Work order. Whenever a line below holds the word "Chapter", count it; then give the total and nothing else.

Available records.
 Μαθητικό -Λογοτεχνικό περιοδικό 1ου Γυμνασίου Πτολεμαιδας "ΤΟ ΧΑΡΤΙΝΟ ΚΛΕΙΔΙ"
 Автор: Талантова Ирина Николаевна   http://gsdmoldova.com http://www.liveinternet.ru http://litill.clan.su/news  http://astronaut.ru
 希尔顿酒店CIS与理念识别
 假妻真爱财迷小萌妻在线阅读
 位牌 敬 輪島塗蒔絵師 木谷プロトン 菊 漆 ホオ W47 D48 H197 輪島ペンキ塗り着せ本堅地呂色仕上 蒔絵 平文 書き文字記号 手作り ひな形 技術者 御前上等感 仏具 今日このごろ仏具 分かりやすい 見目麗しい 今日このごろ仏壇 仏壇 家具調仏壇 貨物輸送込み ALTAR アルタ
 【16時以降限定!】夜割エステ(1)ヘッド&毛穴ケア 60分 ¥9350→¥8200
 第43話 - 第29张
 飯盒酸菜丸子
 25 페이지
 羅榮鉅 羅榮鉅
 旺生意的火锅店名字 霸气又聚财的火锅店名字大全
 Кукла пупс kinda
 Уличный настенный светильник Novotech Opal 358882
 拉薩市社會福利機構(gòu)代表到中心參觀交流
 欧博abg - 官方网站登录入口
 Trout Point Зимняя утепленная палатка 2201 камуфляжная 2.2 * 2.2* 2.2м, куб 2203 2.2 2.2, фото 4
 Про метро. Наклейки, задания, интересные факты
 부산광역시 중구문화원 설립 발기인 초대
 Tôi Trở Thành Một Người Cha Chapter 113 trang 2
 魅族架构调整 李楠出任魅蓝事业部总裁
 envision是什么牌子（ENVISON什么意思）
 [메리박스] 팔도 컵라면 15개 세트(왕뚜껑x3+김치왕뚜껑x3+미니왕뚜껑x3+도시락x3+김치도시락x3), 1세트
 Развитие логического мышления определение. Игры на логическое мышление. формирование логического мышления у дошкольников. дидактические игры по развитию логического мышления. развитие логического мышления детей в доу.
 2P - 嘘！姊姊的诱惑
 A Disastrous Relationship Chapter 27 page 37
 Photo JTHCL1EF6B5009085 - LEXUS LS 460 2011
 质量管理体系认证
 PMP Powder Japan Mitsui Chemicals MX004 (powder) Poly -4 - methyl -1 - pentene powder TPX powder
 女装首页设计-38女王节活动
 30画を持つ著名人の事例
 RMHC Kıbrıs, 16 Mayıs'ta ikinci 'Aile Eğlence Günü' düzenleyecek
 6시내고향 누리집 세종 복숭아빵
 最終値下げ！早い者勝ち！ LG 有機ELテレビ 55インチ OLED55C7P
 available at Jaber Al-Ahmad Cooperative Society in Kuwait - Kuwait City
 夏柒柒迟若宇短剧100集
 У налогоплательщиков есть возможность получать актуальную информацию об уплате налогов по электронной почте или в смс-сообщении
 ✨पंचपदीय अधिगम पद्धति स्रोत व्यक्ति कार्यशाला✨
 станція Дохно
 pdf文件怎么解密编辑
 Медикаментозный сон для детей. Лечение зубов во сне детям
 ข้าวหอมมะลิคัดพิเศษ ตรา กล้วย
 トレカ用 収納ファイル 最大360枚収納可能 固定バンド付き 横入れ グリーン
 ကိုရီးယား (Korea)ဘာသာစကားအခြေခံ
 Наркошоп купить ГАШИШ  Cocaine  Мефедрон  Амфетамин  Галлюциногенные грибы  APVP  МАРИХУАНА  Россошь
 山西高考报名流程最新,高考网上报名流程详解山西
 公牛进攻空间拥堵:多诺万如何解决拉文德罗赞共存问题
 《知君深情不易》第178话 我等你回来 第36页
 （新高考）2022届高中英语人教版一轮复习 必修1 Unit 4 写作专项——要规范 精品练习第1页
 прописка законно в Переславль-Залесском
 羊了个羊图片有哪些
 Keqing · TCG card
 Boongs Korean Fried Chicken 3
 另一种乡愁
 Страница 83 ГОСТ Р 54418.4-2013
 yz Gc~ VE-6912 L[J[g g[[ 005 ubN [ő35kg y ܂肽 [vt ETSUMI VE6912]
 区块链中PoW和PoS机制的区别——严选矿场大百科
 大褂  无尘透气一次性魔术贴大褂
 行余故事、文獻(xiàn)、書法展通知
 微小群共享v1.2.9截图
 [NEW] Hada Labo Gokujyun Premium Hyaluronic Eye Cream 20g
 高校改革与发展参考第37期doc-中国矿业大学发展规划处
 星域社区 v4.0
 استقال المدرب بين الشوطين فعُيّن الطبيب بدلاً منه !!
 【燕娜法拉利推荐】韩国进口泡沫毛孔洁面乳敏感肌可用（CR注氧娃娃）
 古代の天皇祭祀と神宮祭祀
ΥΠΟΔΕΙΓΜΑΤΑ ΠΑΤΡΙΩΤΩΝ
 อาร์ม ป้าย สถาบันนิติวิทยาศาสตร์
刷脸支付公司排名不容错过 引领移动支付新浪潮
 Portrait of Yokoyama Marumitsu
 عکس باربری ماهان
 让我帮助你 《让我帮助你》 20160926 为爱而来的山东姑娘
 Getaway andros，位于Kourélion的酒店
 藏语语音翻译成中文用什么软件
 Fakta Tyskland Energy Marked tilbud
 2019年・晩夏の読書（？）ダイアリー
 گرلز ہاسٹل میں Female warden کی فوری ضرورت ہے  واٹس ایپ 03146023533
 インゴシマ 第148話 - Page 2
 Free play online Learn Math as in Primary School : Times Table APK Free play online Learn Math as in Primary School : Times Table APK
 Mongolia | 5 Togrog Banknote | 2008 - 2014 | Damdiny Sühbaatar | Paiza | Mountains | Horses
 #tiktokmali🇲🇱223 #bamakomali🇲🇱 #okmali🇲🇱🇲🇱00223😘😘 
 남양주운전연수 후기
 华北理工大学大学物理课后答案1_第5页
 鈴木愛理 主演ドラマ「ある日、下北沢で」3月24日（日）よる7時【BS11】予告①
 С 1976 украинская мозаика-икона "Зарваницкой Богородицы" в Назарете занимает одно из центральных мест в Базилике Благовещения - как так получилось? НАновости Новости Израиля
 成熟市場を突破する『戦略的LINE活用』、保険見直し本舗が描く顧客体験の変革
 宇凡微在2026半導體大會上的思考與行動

Answer to this exercise. 2